LIMA, Peru – People who live in the Amazon are getting sick at an alarmingly high rate. Researchers from the U.S., Canada and Brazil are trying to pinpoint exactly why this is.
Since the early 2000s, the Amazon has become a popular place for illegal mining. The area has also seen an increase in chronic diseases like anemia and high blood pressure, as well as illnesses like malaria.
American oil companies fund studies in the Amazon to report on natural resource opportunities. One particular study, however, was to analyze gold mining in its relation to the health of people working in and living around gold mines.
In charge of this study is Ernesto Ortiz and his colleagues from Duke University. They are trying to record the health histories of 5,000 people in the Amazon, as well as test for viruses and chronic diseases. Within two to four hours, Ortiz runs tests, documents past illnesses, and inquires about the people’s education, income, and diet. He collects blood, urine, and hair samples in order to test for mercury levels.
Illegal mining processes produce mercury that easily morphs into methyl mercury in nature, which is toxic to humans. Exposure causes delayed development in children, fatigue, headaches, and vomiting.
Previous research has found that mercury from the mines travels hundreds of miles down the river and accumulates in fish, soil, and plants. Fish is the main source of protein for residents and people grow crops in the soil.
Research from the University of Idaho points out that the Amazon basin is hydro-graphically able to turn a lot of mercury into methyl mercury. Reportedly, 200-420 tons of mercury build up in the environment each year. The Amazon is a prime location for the spread of the toxic element since there are so many biological life forms that can transition it up and down the food chain.
Since mercury cannot be detected by the naked eye, it is incredibly difficult to identify how much mercury people are being exposed to and whether it is significantly adding to the increase of poor health in the area.
“If [a child]is exposed to mercury for a long time, you get problems with brain development. They won’t be able to have good attention, to learn things. Sometimes they won’t even be able to finish school,” explains Ortiz.
This is a huge setback for communities that are trying to break the cycle of poverty. Education offers opportunities crucial for life improvement. Mining also creates trenches which are perfect breeding spots for mosquitoes carrying deadly diseases. The study is tremendously important in revealing health hazards. People need to be able to protect themselves, and their children, from being exposed to toxic levels of mercury.

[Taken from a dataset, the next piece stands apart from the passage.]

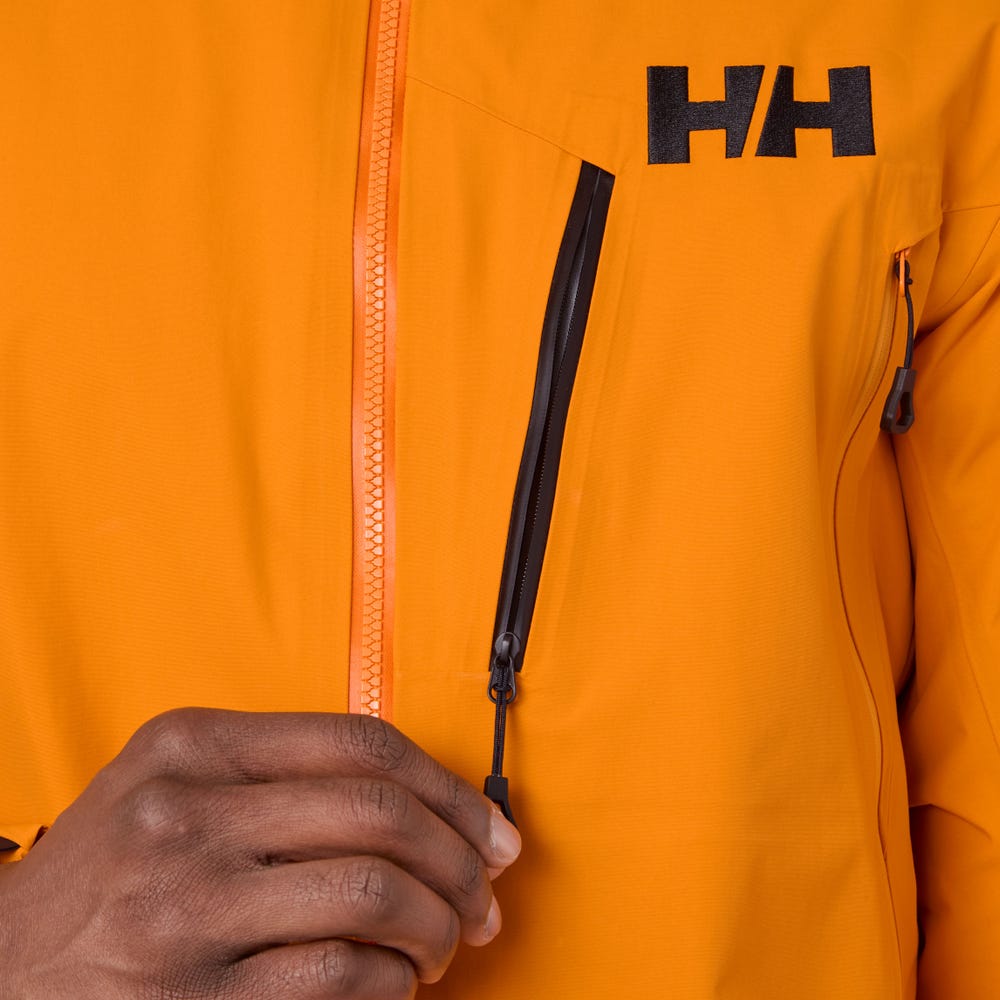 Men's 3-Layer Waterproof Shell Jacket - Blue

Dr. Fernando Medieta operates a meager hospital, as well as supervises fifteen other very sparse clinics in villages scattered throughout the jungle. Many are only reachable by boat and the furthest one is a four day trip. Half of the children in these communities are malnourished and the risks for water and mosquito-borne illnesses are high. Medieta is grateful that the study can provide the data about residents that would be too time-consuming and costly for him to retrieve by himself.
Other researchers, like those from Canada and Brazil, blame high levels of mercury on erosion, deforestation, and poor farming practices. A Canadian research team collaborates with Amazonian communities to make changes to their lifestyle in order to lessen how much mercury they consume as well as to keep more mercury from accumulating in the environment. They run yearly soil and water tests and report on mercury levels measured in different species of fish. Villagers are given check-ups to scan for problems with dexterity, coordination, vision, and childhood development.